Mary borrows $9,000 from Bank A and buys a car. The car dealer then deposits $9,000 into their account at Bank B.

Bank B
Deposit: $9,000
Reserve (10%): $900
Lendable Amount: $8,100

Mark borrows $8,100 from Bank B and has surgery. The doctor then deposits $8,100 into his account at Bank C.

Bank C
Deposit: $8,100
Reserve (10%): $810
Lendable Amount: $7,290

Sue borrows $7,290 and shops at Versace. Versace then deposits $7,290 into their account at Bank D.

Bank D
Deposit: $7,290
Reserve (10%): $729
Lendable Amount: $6,561

Kim borrows $6,561 from Bank D and pays off her credit card, the Credit Card Company then deposits $6,561 into their account at Bank E.

Bank E
Deposit: $6,561
Reserve (10%): $656.10
Lendable Amount: $5,904.90

And so on through the system. When M1* is measured, and the FRB totals the checking account balances in the entire system, the original $10,000 deposit will have created a total of $100,000 in deposits system-wide.

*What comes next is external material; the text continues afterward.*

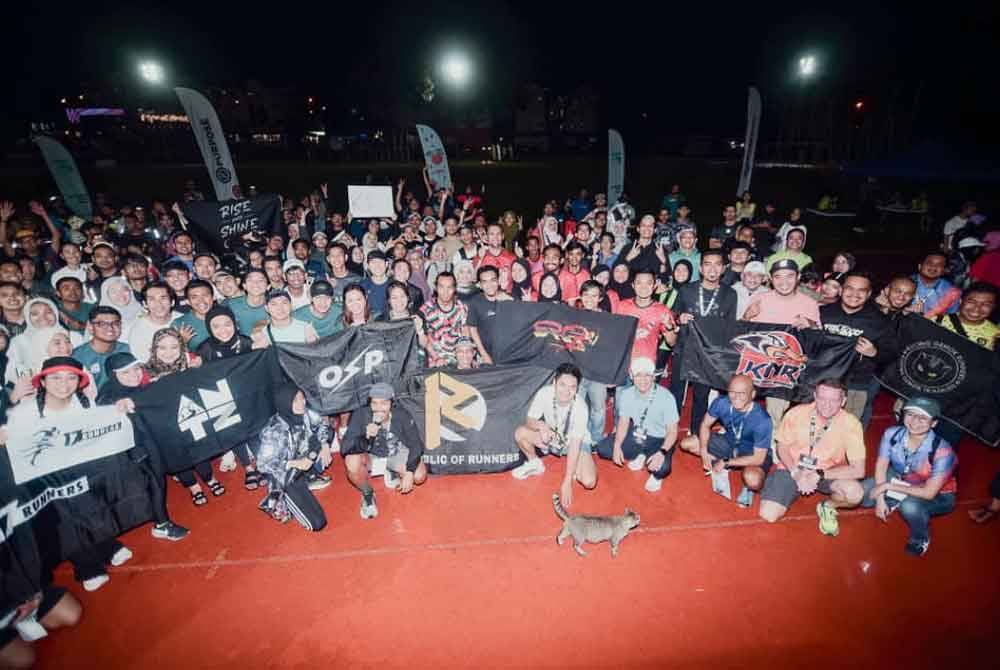 Anggota komuniti dan kelab-kelab dari seluruh negara bergambar pada akhir program.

*M1 = First level of money supply = All currency held by the public.

—- End Example —-

That in its simplest form is how the banks create money. Now considering how much money the banks are making off of every dollar you deposit, does the 0.01% or 0.25% interest rate you’re getting paid seem fair?

Not to me, but because the general public is uninformed of this fact of life, the banks and other financial institutions will continue to reap extraordinary profits from practically imaginary money.